- [WORK INSTRUCTION]: In the entries below, begin at the line that has "Street Fighter 2", stop after the line that has "[055080] Shampoo Savital", and output those lines exactly with no pictures.

- [EXERCISE INPUTS]:
--------------------------------------------------

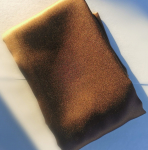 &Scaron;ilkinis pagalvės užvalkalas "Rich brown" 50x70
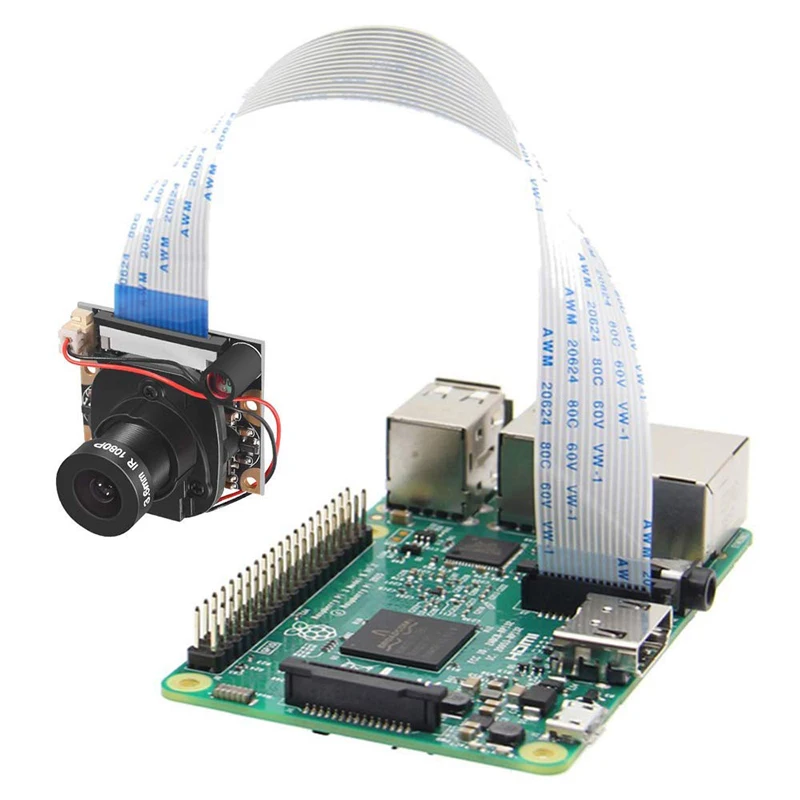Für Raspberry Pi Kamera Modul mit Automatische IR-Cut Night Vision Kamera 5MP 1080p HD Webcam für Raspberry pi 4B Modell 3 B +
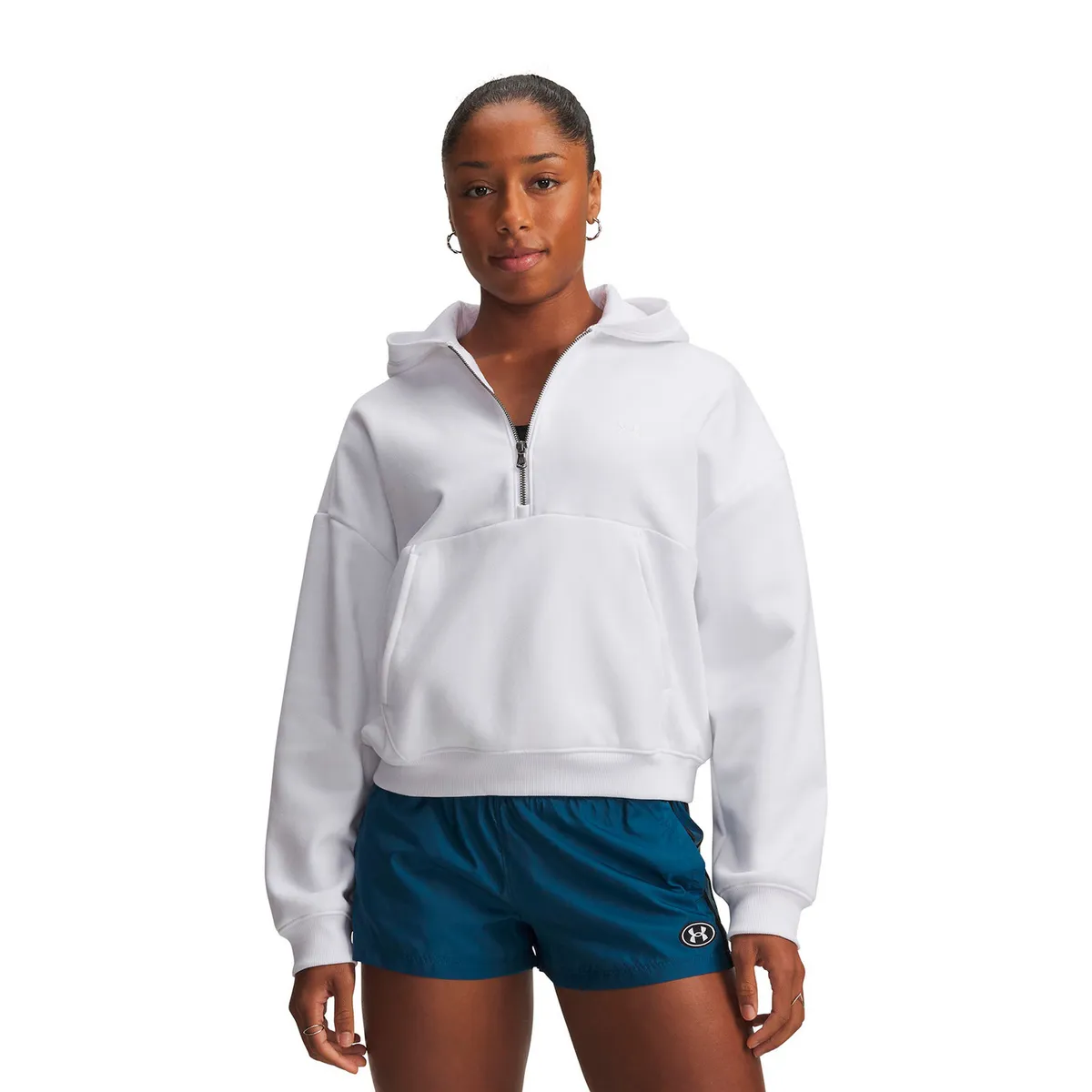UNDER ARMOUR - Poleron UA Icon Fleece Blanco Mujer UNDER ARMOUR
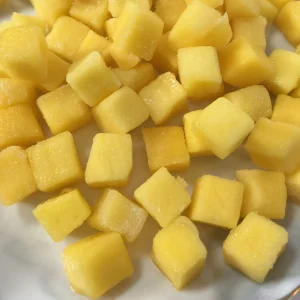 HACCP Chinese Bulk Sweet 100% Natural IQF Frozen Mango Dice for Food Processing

--------------------------------------------------

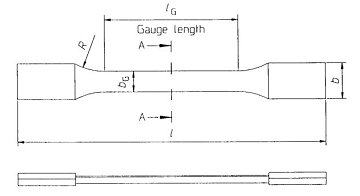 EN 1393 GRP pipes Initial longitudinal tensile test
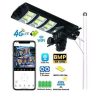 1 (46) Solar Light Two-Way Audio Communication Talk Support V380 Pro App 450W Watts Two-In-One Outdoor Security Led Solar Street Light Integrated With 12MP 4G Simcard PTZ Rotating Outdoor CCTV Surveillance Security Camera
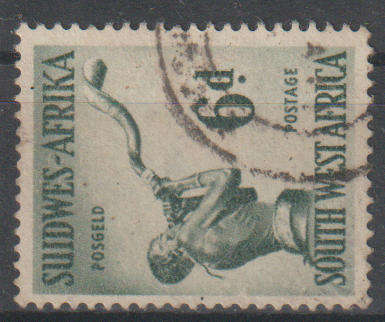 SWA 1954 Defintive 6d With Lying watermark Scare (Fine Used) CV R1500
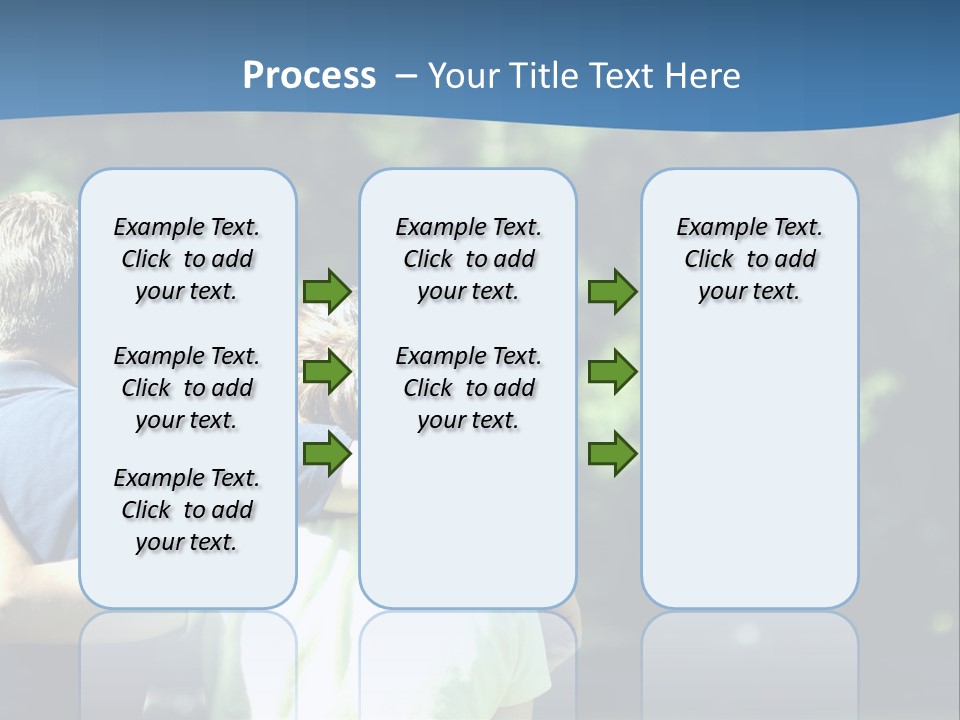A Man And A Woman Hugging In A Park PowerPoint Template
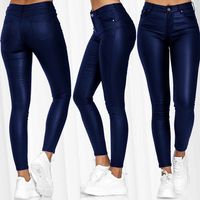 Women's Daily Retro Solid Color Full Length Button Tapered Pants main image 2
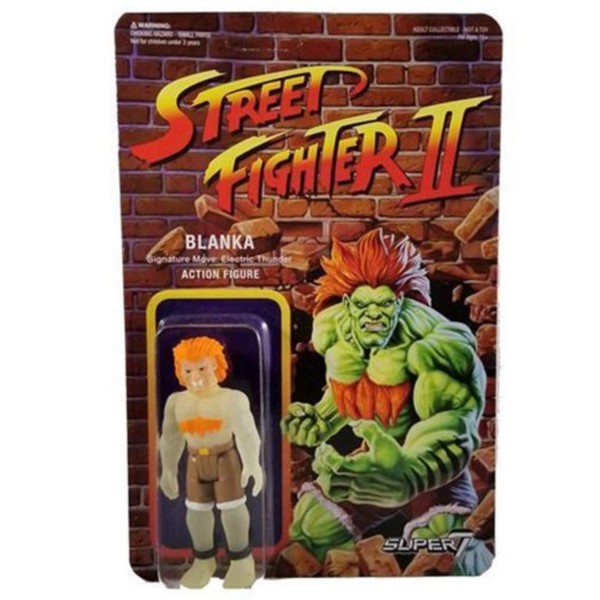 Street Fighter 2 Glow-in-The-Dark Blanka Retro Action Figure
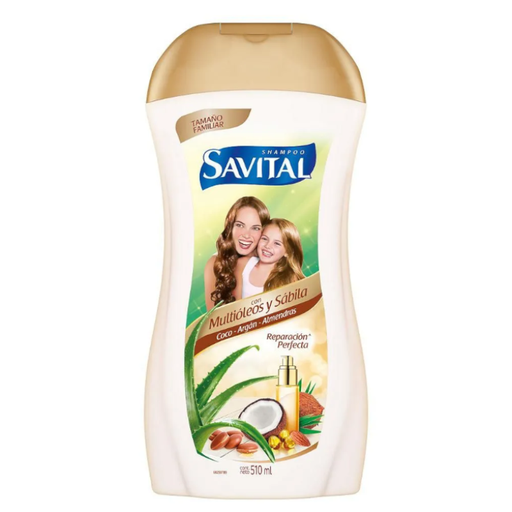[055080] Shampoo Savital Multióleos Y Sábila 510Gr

--------------------------------------------------

- [RESULT OF THIS TASK]:
 Street Fighter 2 Glow-in-The-Dark Blanka Retro Action Figure
[055080] Shampoo Savital Multióleos Y Sábila 510Gr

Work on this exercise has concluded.